Rimini, 22 agosto 2026. Duecentocinquant’anni dopo la Dichiarazione d’Indipendenza, gli Stati Uniti restano un esperimento politico costruito sull’idea dell’uguaglianza degli uomini e sull’esistenza di diritti che nessun governo concede e nessun governo può sottrarre: vita, libertà e ricerca della felicità. Bardazzi ha ricordato fin dall’inizio la contraddizione che accompagna questa promessa: Thomas Jefferson formulò quei principi mentre possedeva centinaia di schiavi. Fin dalle origini, dunque, l’America ha dovuto fare i conti con la distanza tra i propri ideali e le ferite della propria storia.

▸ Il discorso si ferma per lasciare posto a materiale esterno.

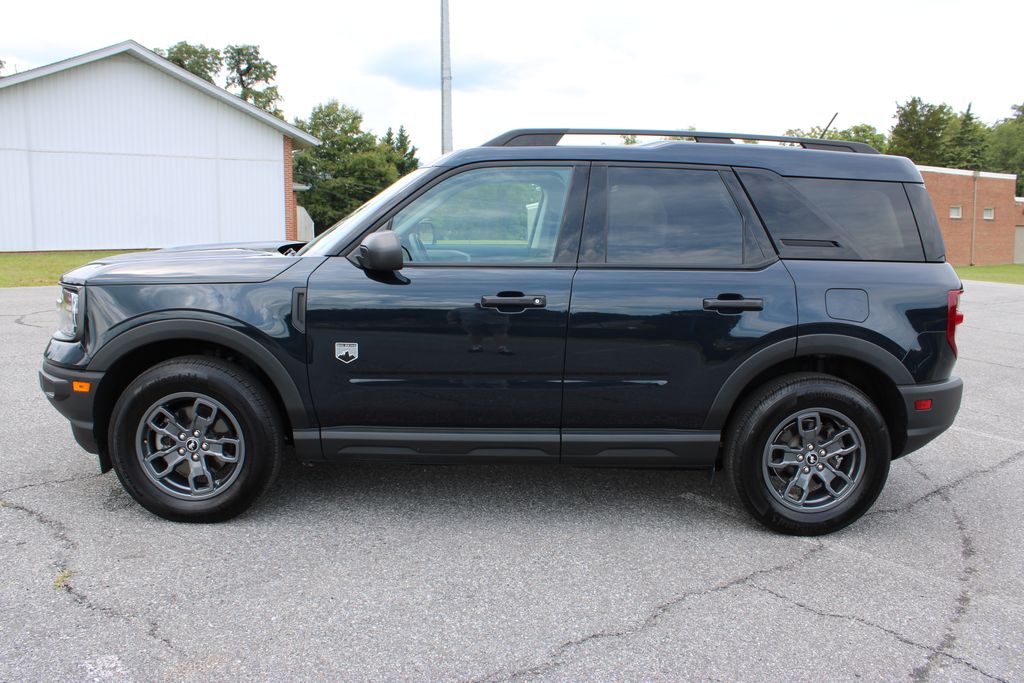 2023 Ford Bronco Sport Big Bend photo 3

Oggi, tra profonde divisioni interne, guerre di cui non si intravede la fine e un sistema politico in trasformazione, la domanda posta dal Meeting è se quell’esperimento conservi ancora la vitalità necessaria per mantenere la promessa fatta a se stesso e al mondo. Ne hanno discusso Christopher Caldwell, contributing writer del New York Times e contributing editor della Claremont Review of Books, e Michael Driessen, professore di Political Science and International Affairs alla John Cabot University. A moderare l’incontro Bardazzi, giornalista, co-fondatore ed Editor in Chief di Bea Media Company. Il dialogo, trasmesso da askanews, Famiglia Cristiana e IlSussidiario Tv, ha avuto in Alexis de Tocqueville il suo interlocutore ideale. Al centro non c’è stato soltanto Donald Trump, ma qualcosa di più profondo: la capacità di un Paese attraversato dalle divisioni di trovare ancora forme nuove di partecipazione, fiducia e unità. 

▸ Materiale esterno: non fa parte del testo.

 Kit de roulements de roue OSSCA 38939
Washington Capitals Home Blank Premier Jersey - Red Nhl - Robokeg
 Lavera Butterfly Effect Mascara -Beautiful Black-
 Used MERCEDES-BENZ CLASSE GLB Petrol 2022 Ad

Caldwell: la vera emergenza americana è la disuguaglianza 

Christopher Caldwell ha letto la seconda elezione di Donald Trump come la risposta di una parte consistente dell’America alla sensazione di vivere in uno stato di emergenza nazionale. Pur criticandone la brutalità e l’inaffidabilità, gli ha riconosciuto la capacità di non arretrare nei momenti di crisi. Ma per Caldwell la vera emergenza degli Stati Uniti è un’altra: la disuguaglianza, non soltanto economica, ma anche politica. Negli ultimi trent’anni, ha sostenuto, il potere si è progressivamente spostato verso reti animate da minoranze nelle quali molti americani non si riconoscono. Il voto a Trump può essere letto allora come un tentativo di riappropriarsi delle leve del governo e, attraverso di esse, della stessa democrazia. «Io non sono preoccupato per la democrazia negli Stati Uniti», ha affermato Caldwell, distinguendo la cattiva gestione del Paese da una crisi del principio democratico. La forza dell’opposizione a Trump e l’emergere di una nuova generazione democratica nelle città mostrano, nella sua lettura, che il desiderio di partecipare alla vita politica rimane vivo. Questo non significa che i conflitti siano destinati a scomparire. È la stessa democrazia a poterli alimentare quando non riesce a offrire risposte credibili alle disuguaglianze. Molti degli elettori passati da Obama a Trump, ha osservato Caldwell, non cercano necessariamente una nuova ideologia, ma «risposte plausibili che generino fiducia nei loro presupposti». La tenuta dell’esperimento americano dipende allora dalla capacità di conservare regole riconosciute da tutti e, soprattutto, di restituire a chi si sente escluso la possibilità concreta di incidere sul destino del Paese. 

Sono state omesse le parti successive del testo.